The training set should be as large as possible but also as close to "reality" as possible. For instance, a review of the equations above show that the final classification is also dependent on the probability that a tweet is good or bad

Gathering the data

In a real life situation we would probably need to gather thousands of tweets, manually classify each one and then split this data into training and testing data sets. This task would be quite time intensive. Luckily for a demonstration like this we can create a basic twitter API script in Python to do a good approximation of this task for us. There are quite a few different twitter APIs written in Python, but the one that seemed to work the best for me was tweepy. I installed this in the usual way (pip install tweepy) and then wrote some very simple code to search for tweets.

from tweepy import API as TweepyApi, OAuthHandler

def search_tweets(search, count=15):
    auth = OAuthHandler(

api = TweepyApi(auth)

result = api.search(q=search, count=count, lang='en')
return [x.text.encode('ascii', 'ignore').replace('\n', '') for x in result]

MY_SETTINGS is a dictionary I imported from another file with my API credentials - so that they are hidden from github. To get 20 tweets about star wars, I can run the following:

star_wars_tweets = search_tweets("star wars", 20)

This takes care of the bad tweets. To get the "good" tweets, we need a wide sampling of random tweets. I played around with the streaming sample() API but found that no matter what I did it denied my credentials - maybe I'm missing something obvious? In the end I just decided to get some tweets for a few unrelated topics such as "emberjs", "nba", "superbowl", "science" and "bieber". Whilst this data set will be definition be incomplete (and reduce accuracy) its a simple way to get enough data for a proof of concept.

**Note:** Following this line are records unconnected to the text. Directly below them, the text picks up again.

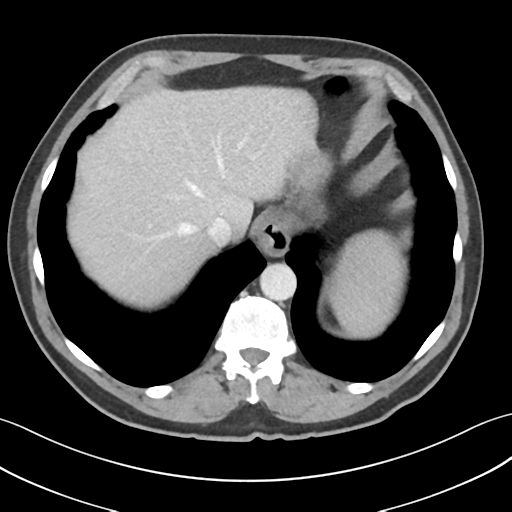 File:Active diverticular hemorrhage (Radiopaedia 39415-41725 Axial C+ portal venous phase 8).png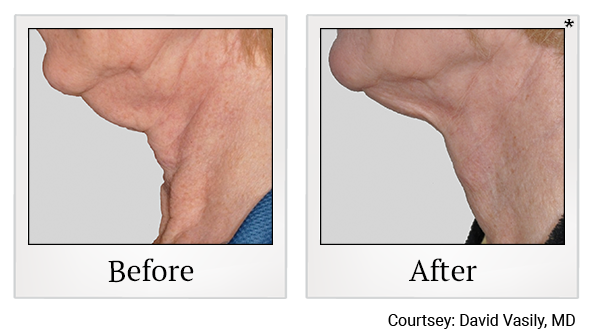 Results 10 of exilis ultra treatment at True Form Medical Group in Oakland and Fremont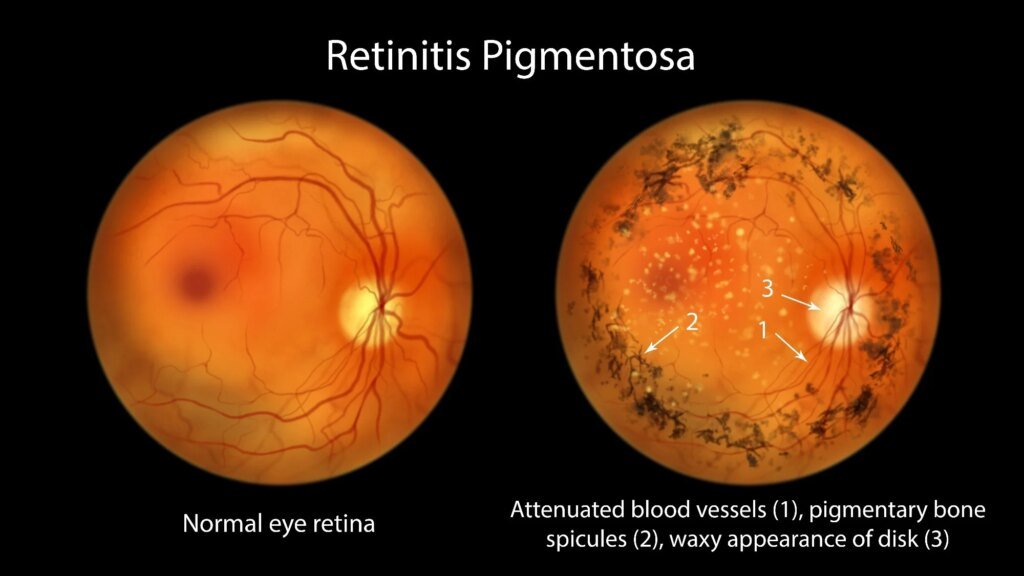 Gene therapy and special goggles help some blind adults detect objects again
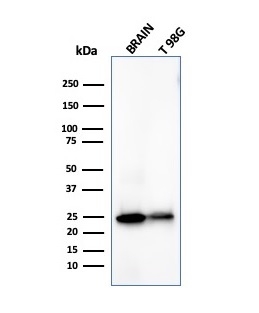 Western Blot Analysis of human Brain tissue and T98G cell lysates using Pgp9.5 Mouse Monoclonal Antibody (UCHL1/4558).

By wrapping this code in a class and adding some helper functions I was able to generate several hundred good tweets and 200 bad tweets in very short order. I could repeat this process (after a short break to allow new tweets to accumulate) to get another bunch of test data.

Building the classifier

The next step was to build the classifier itself. Lets jump straight into some code.

import numpy as np
from sklearn.feature_extraction.text import CountVectorizer, TfidfTransformer
from sklearn.naive_bayes import MultinomialNB

def train(expected):
    Teaches the classifier based on the data set passed in the constructor

    # use a utility function to load the data set and expected results (0 = good, 1 = bad)
    raw_data, expected = load_dataset()

    # STEP 1: vectorise the text
    vectoriser = CountVectorizer(lowercase=True, strip_accents='unicode')
    res = self.vectoriser.fit_transform(raw_data)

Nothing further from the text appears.